= Peregrine Bingham the Younger =

Peregrine Bingham, the younger (1788–1864) was an English legal writer and journalist.

==Life==
He was the eldest son of Peregrine Bingham the elder, by Amy, daughter of William Bowles. He was educated at Winchester School and Magdalen College, Oxford (B.A. 1810), was called to the bar at the Middle Temple in 1818, and was for many years a legal reporter. He also was one of the principal contributors to the Westminster Review, which was established in 1824. John Stuart Mill of the first number said: "The literary and artistic department had rested chiefly on Mr. Bingham, a barrister (subsequently a police magistrate), who had been for some years a frequenter of Bentham, was a friend of both the Austins, and had adopted with great ardour Bentham's philosophical opinions. Partly from accident there were in the first number as many as five articles by Bingham, and we were extremely pleased with them".

Bingham became one of the police magistrates at Great Marlborough Street, and resigned that appointment four years before his death, which occurred on 2 November 1864.

He married Eliza, daughter of James Richard Bolton, an attorney, of Long Acre, Westminster, and younger sister of Mary Catherine, an actress at Covent Garden Theatre, who married Edward Hovell-Thurlow, 2nd Baron Thurlow.
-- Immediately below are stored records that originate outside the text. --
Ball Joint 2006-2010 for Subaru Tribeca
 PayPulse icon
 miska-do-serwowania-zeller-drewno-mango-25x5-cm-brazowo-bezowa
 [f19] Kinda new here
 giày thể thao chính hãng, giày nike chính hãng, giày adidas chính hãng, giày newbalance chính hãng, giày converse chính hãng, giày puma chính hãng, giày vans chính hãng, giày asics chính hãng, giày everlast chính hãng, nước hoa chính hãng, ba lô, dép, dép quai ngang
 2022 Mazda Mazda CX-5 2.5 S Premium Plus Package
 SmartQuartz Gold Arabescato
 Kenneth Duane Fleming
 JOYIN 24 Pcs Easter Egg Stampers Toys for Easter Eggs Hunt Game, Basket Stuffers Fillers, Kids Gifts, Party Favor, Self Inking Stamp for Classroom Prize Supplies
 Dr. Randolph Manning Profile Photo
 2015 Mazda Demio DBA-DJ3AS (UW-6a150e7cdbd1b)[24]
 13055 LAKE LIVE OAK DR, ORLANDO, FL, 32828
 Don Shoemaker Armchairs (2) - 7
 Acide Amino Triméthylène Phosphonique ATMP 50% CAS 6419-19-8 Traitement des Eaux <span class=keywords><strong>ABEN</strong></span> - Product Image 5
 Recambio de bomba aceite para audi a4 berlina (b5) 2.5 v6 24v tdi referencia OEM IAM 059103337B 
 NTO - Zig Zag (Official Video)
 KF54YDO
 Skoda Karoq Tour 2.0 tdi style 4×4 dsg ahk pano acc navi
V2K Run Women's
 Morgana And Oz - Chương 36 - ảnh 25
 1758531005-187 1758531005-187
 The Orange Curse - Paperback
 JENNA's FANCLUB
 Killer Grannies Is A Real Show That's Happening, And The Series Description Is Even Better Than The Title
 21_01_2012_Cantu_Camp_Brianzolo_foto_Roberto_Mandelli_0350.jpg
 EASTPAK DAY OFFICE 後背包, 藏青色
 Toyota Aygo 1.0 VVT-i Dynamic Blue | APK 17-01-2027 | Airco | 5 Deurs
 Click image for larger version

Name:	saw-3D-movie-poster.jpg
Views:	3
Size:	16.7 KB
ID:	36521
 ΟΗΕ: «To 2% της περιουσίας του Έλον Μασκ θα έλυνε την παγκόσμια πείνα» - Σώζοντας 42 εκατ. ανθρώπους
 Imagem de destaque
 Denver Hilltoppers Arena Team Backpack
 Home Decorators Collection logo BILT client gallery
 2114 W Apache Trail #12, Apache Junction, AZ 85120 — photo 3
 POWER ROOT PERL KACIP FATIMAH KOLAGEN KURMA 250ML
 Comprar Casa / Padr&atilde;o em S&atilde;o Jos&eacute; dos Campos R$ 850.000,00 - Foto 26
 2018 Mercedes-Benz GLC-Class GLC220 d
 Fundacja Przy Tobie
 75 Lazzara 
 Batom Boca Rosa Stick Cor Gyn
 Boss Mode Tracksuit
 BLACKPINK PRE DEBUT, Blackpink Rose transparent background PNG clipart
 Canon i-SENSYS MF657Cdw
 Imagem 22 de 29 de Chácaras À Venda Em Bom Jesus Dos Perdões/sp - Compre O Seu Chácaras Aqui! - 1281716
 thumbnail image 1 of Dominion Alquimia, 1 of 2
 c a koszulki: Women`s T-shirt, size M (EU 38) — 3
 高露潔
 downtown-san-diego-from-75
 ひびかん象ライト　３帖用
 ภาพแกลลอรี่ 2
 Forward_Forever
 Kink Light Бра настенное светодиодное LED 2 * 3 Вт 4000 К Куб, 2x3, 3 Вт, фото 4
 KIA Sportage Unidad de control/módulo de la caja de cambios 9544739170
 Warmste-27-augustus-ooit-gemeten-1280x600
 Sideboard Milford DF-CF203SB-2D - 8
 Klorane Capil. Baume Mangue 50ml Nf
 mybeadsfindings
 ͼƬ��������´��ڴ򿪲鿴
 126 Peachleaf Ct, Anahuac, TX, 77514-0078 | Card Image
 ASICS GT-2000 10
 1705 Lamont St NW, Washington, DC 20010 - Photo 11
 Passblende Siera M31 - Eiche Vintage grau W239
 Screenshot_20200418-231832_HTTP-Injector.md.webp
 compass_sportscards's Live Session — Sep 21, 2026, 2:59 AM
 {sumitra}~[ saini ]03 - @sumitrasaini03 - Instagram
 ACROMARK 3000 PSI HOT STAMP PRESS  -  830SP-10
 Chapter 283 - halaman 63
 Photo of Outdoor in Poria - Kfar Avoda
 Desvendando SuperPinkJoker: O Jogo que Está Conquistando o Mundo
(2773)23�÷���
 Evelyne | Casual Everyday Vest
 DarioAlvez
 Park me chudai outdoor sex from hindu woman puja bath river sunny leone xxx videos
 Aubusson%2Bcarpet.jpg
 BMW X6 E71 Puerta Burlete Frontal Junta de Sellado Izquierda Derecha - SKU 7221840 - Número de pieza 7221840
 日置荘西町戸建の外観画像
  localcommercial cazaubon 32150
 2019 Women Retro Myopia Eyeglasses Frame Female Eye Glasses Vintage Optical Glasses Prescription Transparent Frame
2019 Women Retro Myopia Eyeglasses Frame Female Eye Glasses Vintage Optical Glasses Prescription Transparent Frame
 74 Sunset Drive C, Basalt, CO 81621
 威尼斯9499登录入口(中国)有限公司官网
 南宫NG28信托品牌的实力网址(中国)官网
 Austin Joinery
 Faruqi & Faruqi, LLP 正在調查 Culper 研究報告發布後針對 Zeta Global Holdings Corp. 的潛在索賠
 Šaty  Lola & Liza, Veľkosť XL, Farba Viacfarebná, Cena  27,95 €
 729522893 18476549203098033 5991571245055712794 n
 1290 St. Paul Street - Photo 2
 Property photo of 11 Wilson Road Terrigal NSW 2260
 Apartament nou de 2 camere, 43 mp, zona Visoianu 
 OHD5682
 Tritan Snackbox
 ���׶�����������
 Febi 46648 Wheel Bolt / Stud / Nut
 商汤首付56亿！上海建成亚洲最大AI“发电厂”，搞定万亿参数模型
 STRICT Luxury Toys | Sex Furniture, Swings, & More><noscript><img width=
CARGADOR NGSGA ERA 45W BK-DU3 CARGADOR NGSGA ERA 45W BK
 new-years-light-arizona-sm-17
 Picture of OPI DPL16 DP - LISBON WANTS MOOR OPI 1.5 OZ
Bingham's son, also Peregrine Bingham, of The Abbey, Woodbridge, Suffolk, was educated at Jesus College, Cambridge and became perpetual curate of Flamstead, Hertfordshire.

==Works==
His works are:
- The Law and Practice of Judgments and Executions, including extents at the suit of the Crown. London. 1815. 8vo.
- The Law of Infancy and Coverture. London. 1816. 8vo. First American edition. Exeter, United States. 1824. 8vo. Second American edition. Burlington. 1849.
- A Digest of the Law of Landlord and Tenant. London. 1820. 8vo.
- A System of Shorthand, on the principle of the Association of Ideas. London. 1821. 8vo. Thompson Cooper described this as "a stenographic system of no practical value".
- "Reports of Cases argued and determined in the Court of Common Pleas and in other Courts", from Easter term 1819 to Michaelmas term 1840. 19 vols. London. 1821-40. 8vo. The first three volumes of these reports were compiled jointly with W. J. Broderip.

He edited Jeremy Bentham's Book of Fallacies.